* _TASK STATEMENT_:
Write back every line of the listing exactly, excluding images.

───── INFORMATION SHOWN ─────

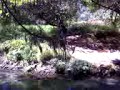 Noe Jumping The Rio Grande
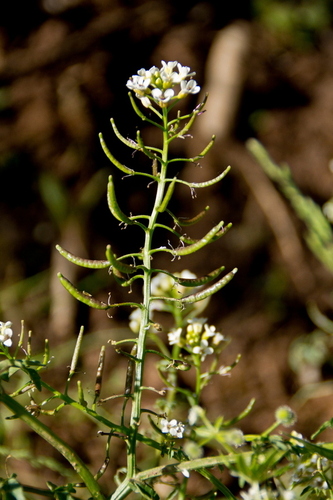 Watercress - Photo (c) Tomás Blasco, some rights reserved (CC BY-NC)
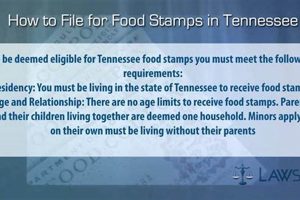 Food Stamp Office Fayetteville Tn Old Stamp Collecting Guide: Discover, Value & Preserve Vintage Stamps Food Stamp Office Fayetteville Tn | Old Stamp Collecting Guide: Discover, Value & Preserve Vintage Stamps
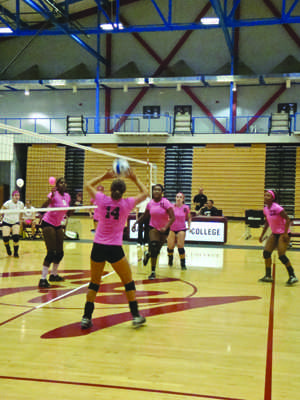 Tessa Butterfield (#14) throws to Southwestern College player  at the Harry West Gym at City College during the second game of a breast cancer awareness benefit.  Mariel Mostacero, City Times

─────

* _RESULT OF THIS EXERCISE_:
 Noe Jumping The Rio Grande
 Watercress - Photo (c) Tomás Blasco, some rights reserved (CC BY-NC)
 Food Stamp Office Fayetteville Tn Old Stamp Collecting Guide: Discover, Value & Preserve Vintage Stamps Food Stamp Office Fayetteville Tn | Old Stamp Collecting Guide: Discover, Value & Preserve Vintage Stamps
 Tessa Butterfield (#14) throws to Southwestern College player  at the Harry West Gym at City College during the second game of a breast cancer awareness benefit.  Mariel Mostacero, City Times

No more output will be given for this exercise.